Judgment was handed down on 4 October 2023 and the decision reverses the views of the Court of Appeal in Smith v Royal Bank of Scotland plc [2021] EWCA Civ 1832 on the issue of the date that time starts to run for the purposes of the Limitation Act 1980.
Financial institutions would routinely advance defences of limitation in circumstances where the policy of PPI had ‘ended’, usually by way of cancellation, more than 6 years before the claim was issued (the 6-year period being prescribed by s.9 Limitation Act 1980).

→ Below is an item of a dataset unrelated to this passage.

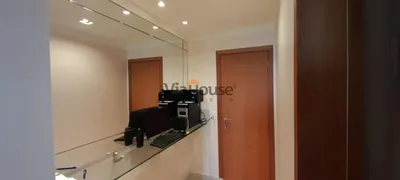 Apartamento com 3 Quartos à venda, 133m² no Jardim Nova Aliança Sul, Ribeirão Preto - Foto 29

The largely uncontroversial position was that such claims were prima facie time barred, and thus the claims themselves were statute barred unless a Claimant could establish the right to rely on s.32 (which acts to postpone commencement of the limitation period in cases of ‘fraud, concealment or mistake).
The effect of the Supreme Court Judgment results in cases that were statute barred in light of the Court of Appeal decision, being no longer statute barred in circumstances where the underlying credit agreement subsists as at the date of issue, or to a date within 6 years of the date of issue.
The Judgment will undoubtedly impact dozens of cases that are currently within the Court system and awaiting trial, and may lead to the issuing of further claims where historical PPI policies once existed on credit agreements that remain live.
Thousands of ‘PPI’ claims have already been issued and heard in the years leading up to the Supreme Court Judgment. At a time when such claims were significantly decreasing in number, it remains to be seen whether the decision will reignite the consumer forums and result in a further round of mass litigation.